# Your goal
Transcribe word for word the section of the records below that opens with the line containing "Begale 12 Pack" and closes with the line containing "An ostrich head"; drop every picture.

# Records for this task
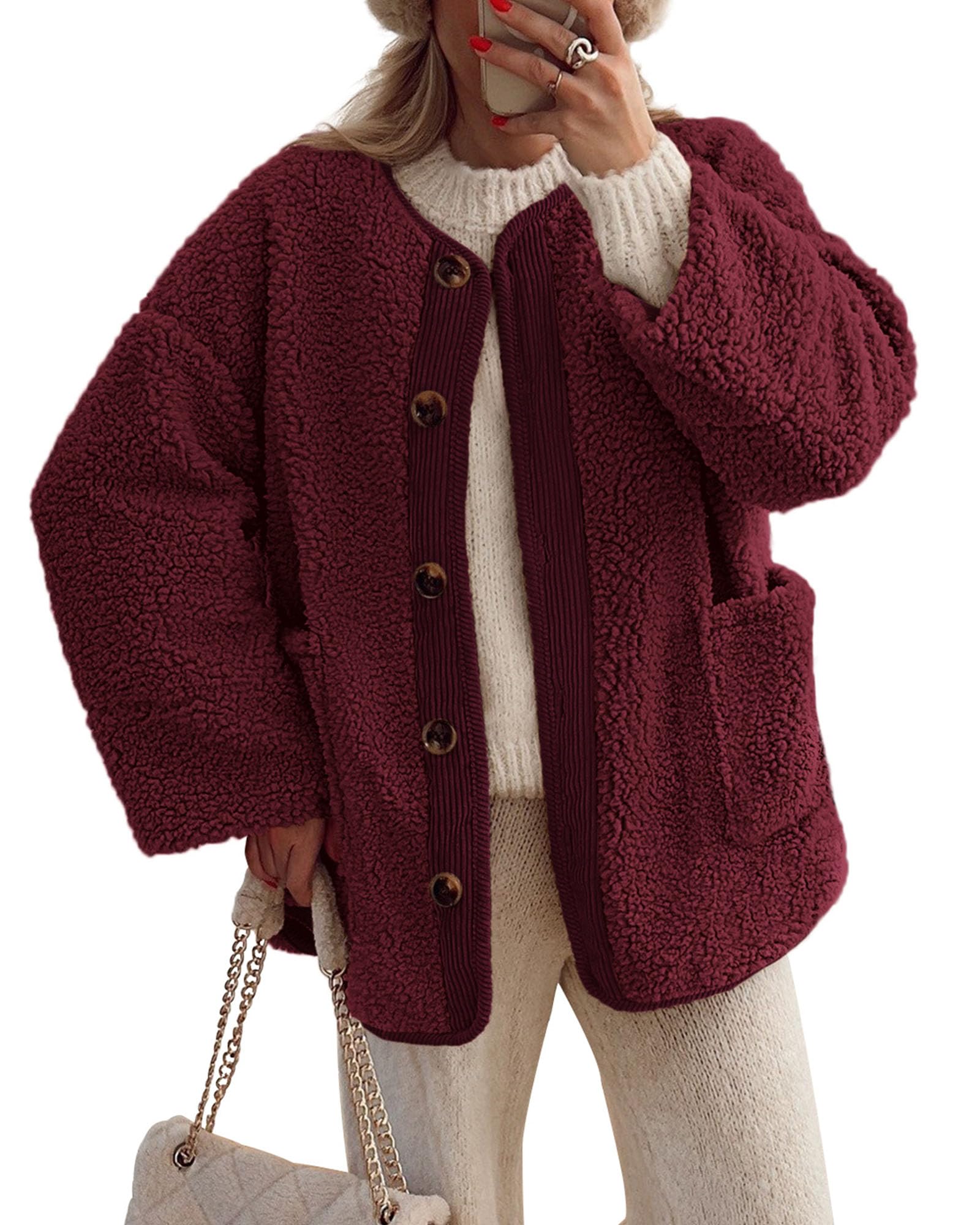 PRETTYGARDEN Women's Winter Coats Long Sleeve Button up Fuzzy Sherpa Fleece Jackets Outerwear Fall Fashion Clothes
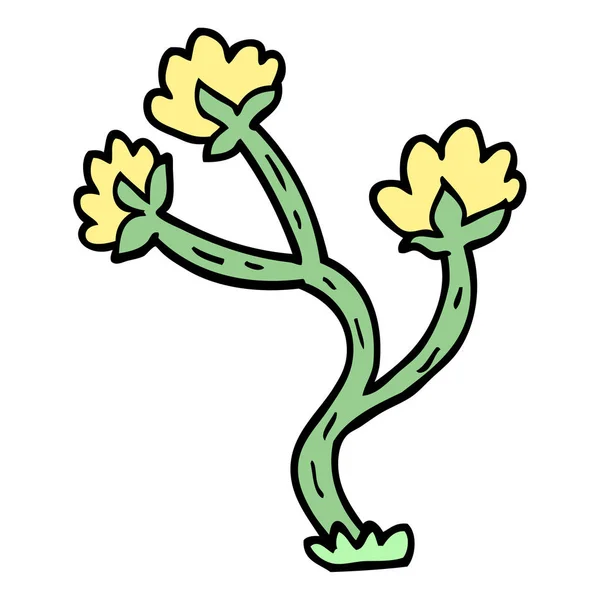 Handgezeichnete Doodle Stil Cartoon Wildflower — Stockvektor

...

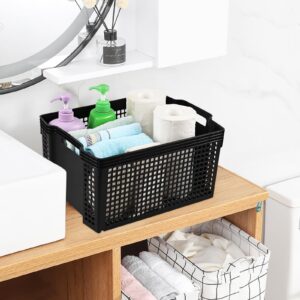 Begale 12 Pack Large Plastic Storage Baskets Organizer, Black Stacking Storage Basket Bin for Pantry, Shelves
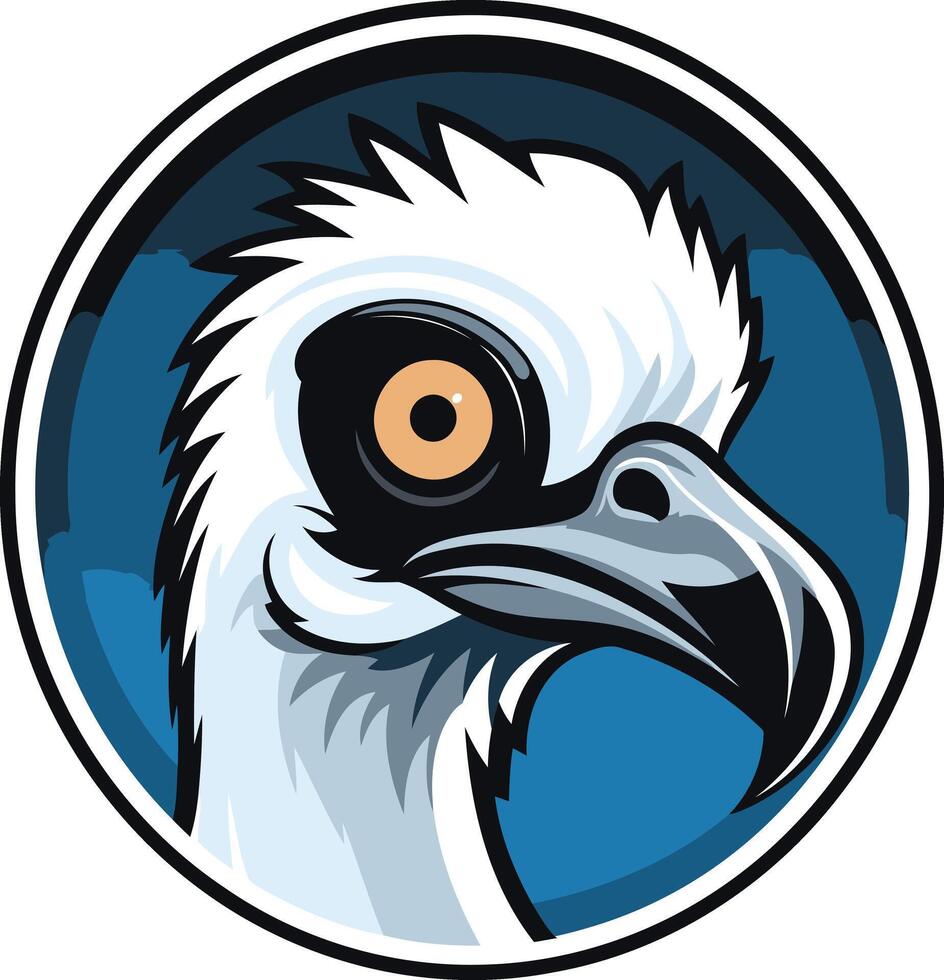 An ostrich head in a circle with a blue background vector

# Expected answer
 Begale 12 Pack Large Plastic Storage Baskets Organizer, Black Stacking Storage Basket Bin for Pantry, Shelves
 An ostrich head in a circle with a blue background vector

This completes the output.